Because Caldor was a unique wildfire in many ways, it was important to measure how it impacted Lake Tahoe in the short and long term. With this valuable information, forest managers can be better prepared for the next, climate change-driven wildfire. The data gathered by volunteer citizen scientists also helped identify areas in need of restoration, which were the focus of the League’s Tahoe Forest Stewardship Days events in 2022. The StoryMap for this project is available at keeptahoeblue.org/caldor.
“In 2021, the Caldor Fire hit us physically and emotionally. We also feared that this would impact our Lake and surroundings. So when the program was launched, I signed up for the training along with many others” said Valerie Castejon, volunteer in the Caldor Fire citizen science program. “It has been a wonderful experience, not only to be part of this community of staff and volunteers, but to learn about scientific measurements, what is important to analyze and the data that are collected. And it’s a pleasure to do the tests on a beautiful morning by the Lake, knowing you are doing your part.”
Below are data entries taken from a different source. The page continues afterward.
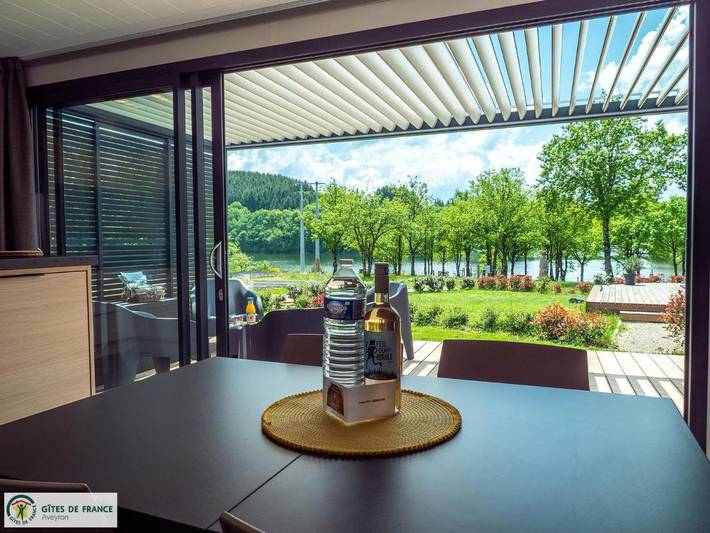 Location de vacances pour 6 personnes, avec Jacuzzi et Terrasse ainsi que Jardin et Vue sur le lac à Le Vibal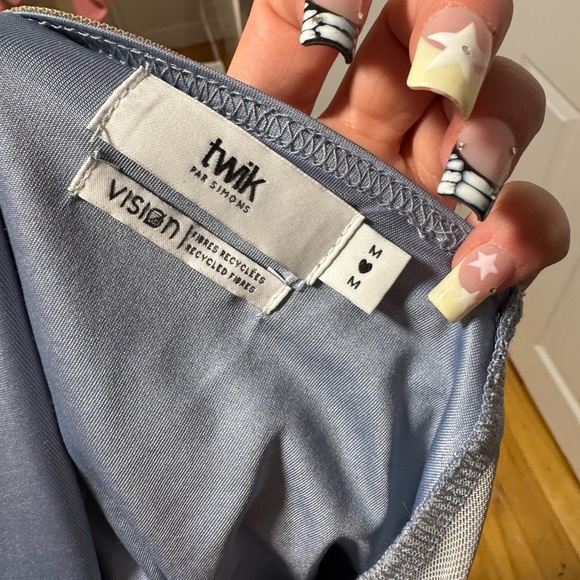 top - Picture 6 of 6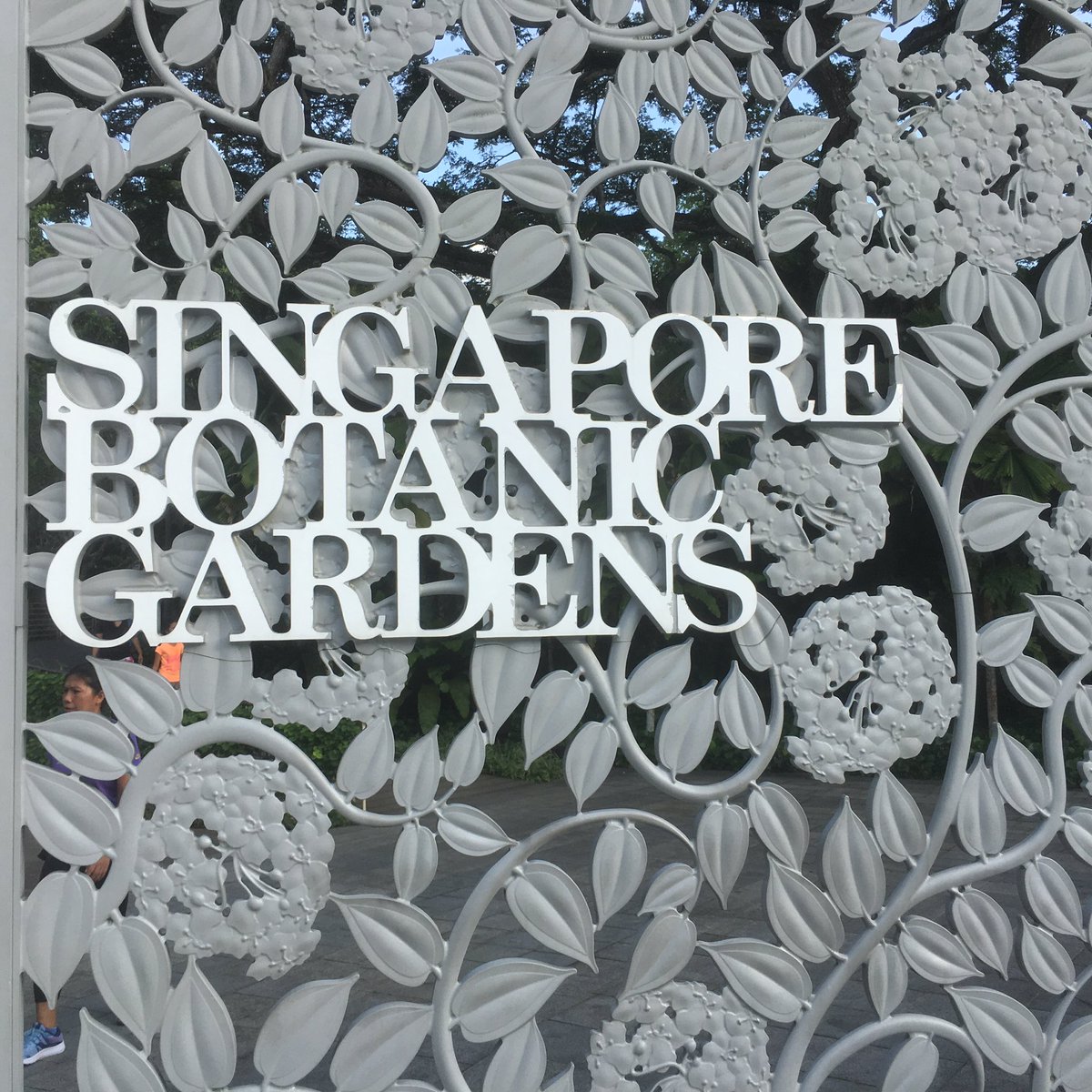 CurtisSChin's tweet image. A #CurtisChinHashtagShoutout goes out to #FOJSG! That would be #FourthofJuly Singapore 🇺🇸

It’s a particularly special #July4 as our @RedWhiteBlueDot Chargé d’Affaires @StephanieSyptak completes her tour in the 🇸🇬 Lion City. She will most definitely be missed. 

🍔🌭🍟🗽🎇🦅 #USA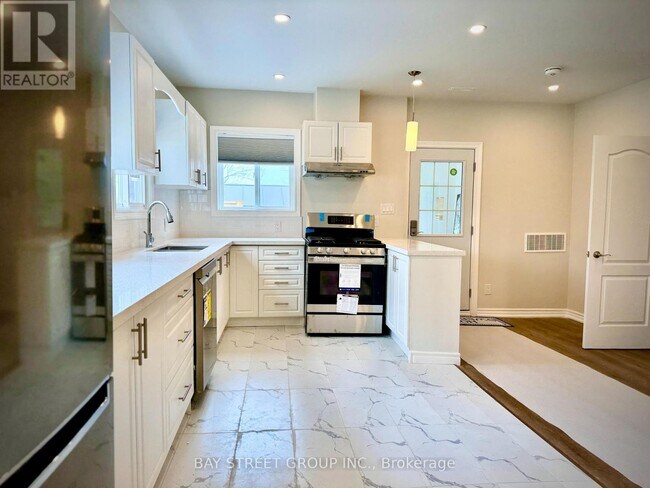 Photo du bâtiment - 831 Beach Blvd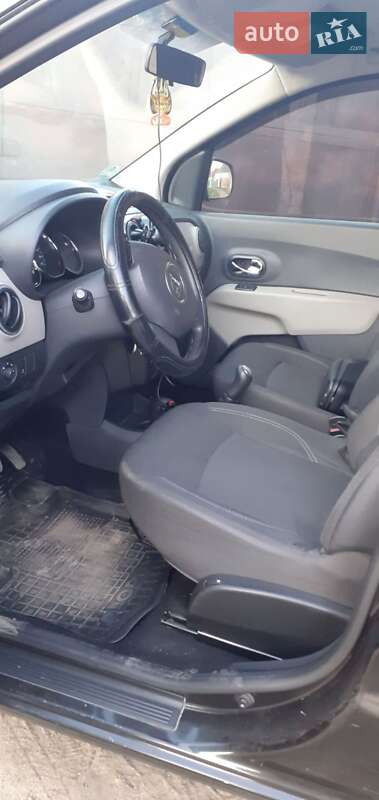 Минивэн Dacia Lodgy 2013 в Тростянце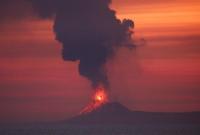 Индонезийский вулкан после извержения втрое уменьшился в размерах
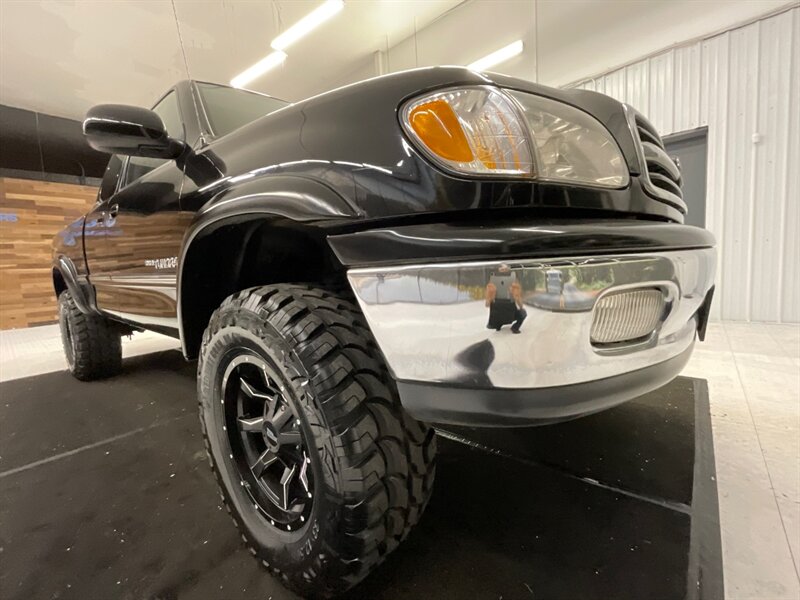 2000 Toyota Tundra Limited 4X4 / 4.7L V8 / LIFTED w. NEW 33 " MUD TIRE  / Leather Seats / LIFTED w. WHEELS & TIRES / TIMING BELT SERVICE DONE / RUST FREE / SHARP & CLEAN !! - Photo 10 - Gladstone, OR 97027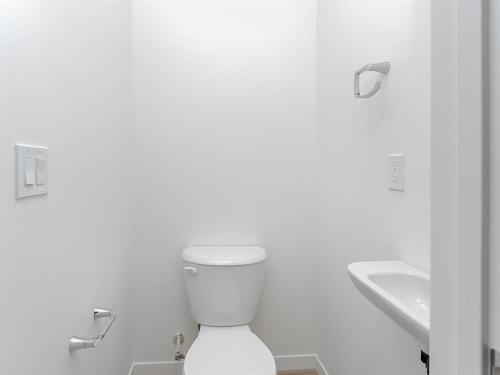 136 1530 Tamarack Boulevard, Edmonton, AB - Indoor Photo Showing Bathroom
The League’s other project focused on testing an innovative, technology-driven solution to combat beach trash. In collaboration with ECO-CLEAN Solutions, the League brought an electric, beach-cleaning robot to the Basin in 2022. The BEBOT is the first technology of its kind to be used anywhere on the West Coast. The goal of the pilot project was to determine how effective the robot would be at removing tiny pieces of trash buried in beach sand before they washed into Lake Tahoe. This type of litter is difficult to detect and remove by hand.
“We were honored to partner with the League to Save Lake Tahoe in 2022 to bring this technology to the shores of the Tahoe Basin,” said JT Chevallier, co-founder of ECO-CLEAN Solutions. “The League embodies the mission of sustainability and stewardship, and their support was paramount to our success. ECO-CLEAN Solutions is excited to expand our partnership in 2023 and build on our shared mission to Keep Tahoe Blue and beautiful!”
Throughout the past summer, the BEBOT was deployed at 11 sites around the Lake and proved effective at finding and removing litter buried in the sand that people could not. Based on this initial success, the League and ECO-CLEAN are working with land managers and business owners to expand the program this year and have the BEBOT clean entire beaches on a regular basis. The StoryMap for this project can be found at keeptahoeblue.org/bebot.
Science and innovation lie at the heart of the League’s work to protect Lake Tahoe. By sharing their work with the public, the League is raising awareness of the threats facing the Lake and ways to solve those challenges, so anyone can play a part in keeping Tahoe blue.